1958: Discovering Jamaica Pond

Today, March 1, 2018, was one more uncanny experience at Jamaica Pond as the Sun rose as a great golden ball sending beams of life across the waters.  Thinking back on January and February, my daily visits grasped me as experiences which have provided a new dimension of understanding, for myself and the world.

The idea of writing about each visit was a thought, but the time was not right for a number of reasons.  I needed a team to take daily writings and get them into a format to share.  Many people encouraged me to write about my days in Boston and beyond for many years.. Now seemed to be the time.  When my son Matthew told me he had a deal after I requested his getting the pictures to a stage where they could be developed.  Matt’s deal was that I would begin to write.  This is the beginning.  So Matt and my daughter Emily Olga are the team which will make this possible.

On these warm days of February, it does not seem possible that the first half of January had temperatures which averaged 8 degrees below normal.  The pond was frozen by mid January.  Since mid January the temperature has averaged about 7 degrees above normal.  The ice was gone during the third week of February.  The past two days, when the sun was rising above the horizon, each moment I felt the rays as a warm towel across my face.  Thinking back to when the temperature was 5 degrees below zero, the sun had no warming effect, but the wind felt as if my face would freeze.  Picture taking was a challenge.  However, something was gripping my spirit.  Something which I had not experienced before…

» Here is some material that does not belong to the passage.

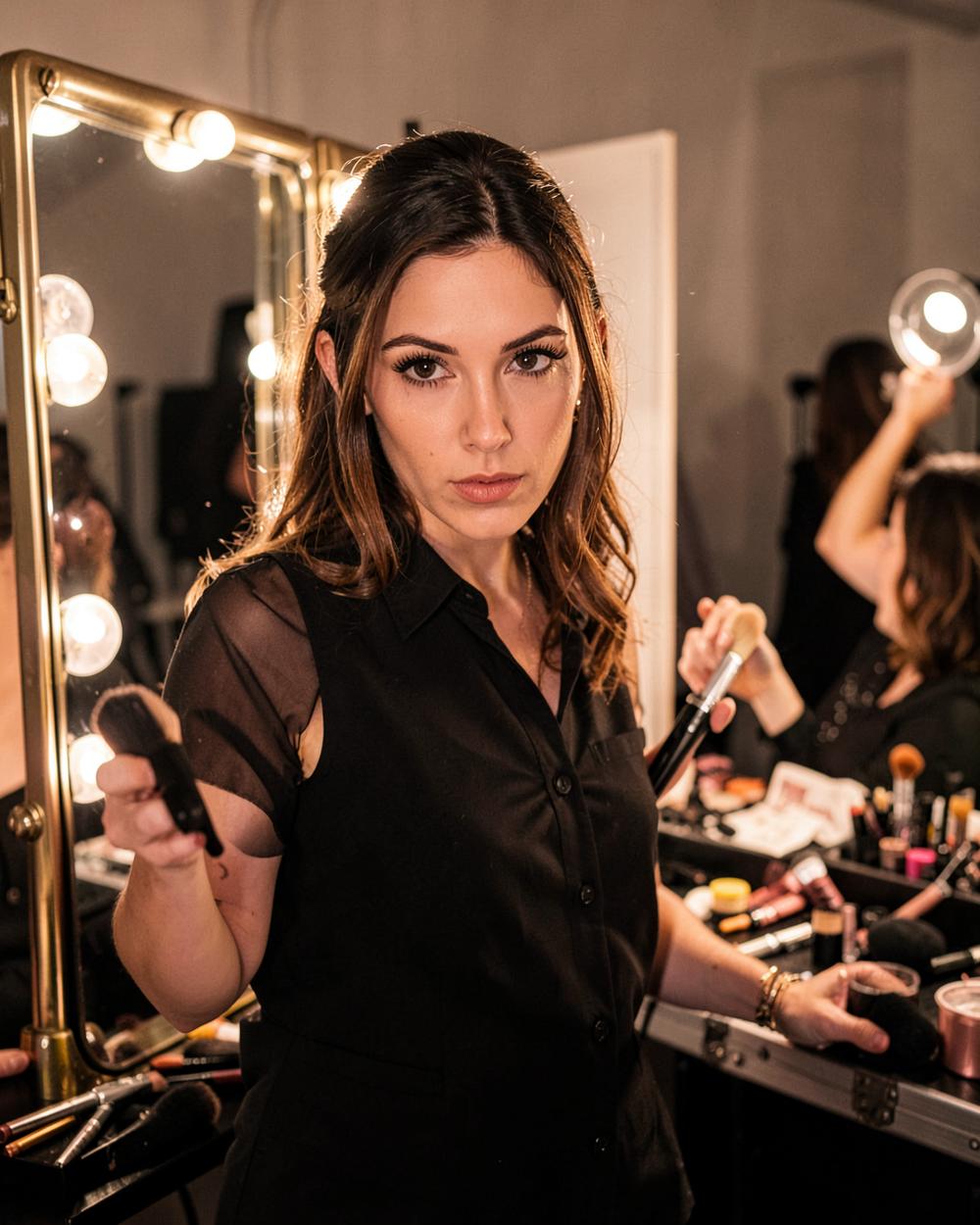 Ana Ruiz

Sixty years ago, Jamaica Pond became my Walden Pond.  Thinking back to my being in Boston, after my two years at Cornell University working on a doctoral degree in Conservation, I remembered how Jamaica Pond was discovered during my first week at Boston University of Theology.  Such a strange path had brought me here.  In brief, Harold Case president of Boston University was the speaker at Sage Chapel and he participated in our after chapel coffee hour.  Perhaps another time a few details will be given as how I created the after chapel coffee as an answer for a question some graduate students had asked, How do you meet the girls (year 1956)?  The result was the coffee hour.  I asked each visiting preacher, “Is Huxley right in his book ‘Brave New World,  President Case began asking what I was doing, and when I told him I was working on a doctoral degree in conservation and planned on going to Law School at the suggestion of professors who thought this was the path to take to be an advocate for conservation.  Harold Case responded, “I think you care too much about people to go to Law School.”  I looked with Dr. Case with surprise at the suggestion, but said, “yes i do care about people.”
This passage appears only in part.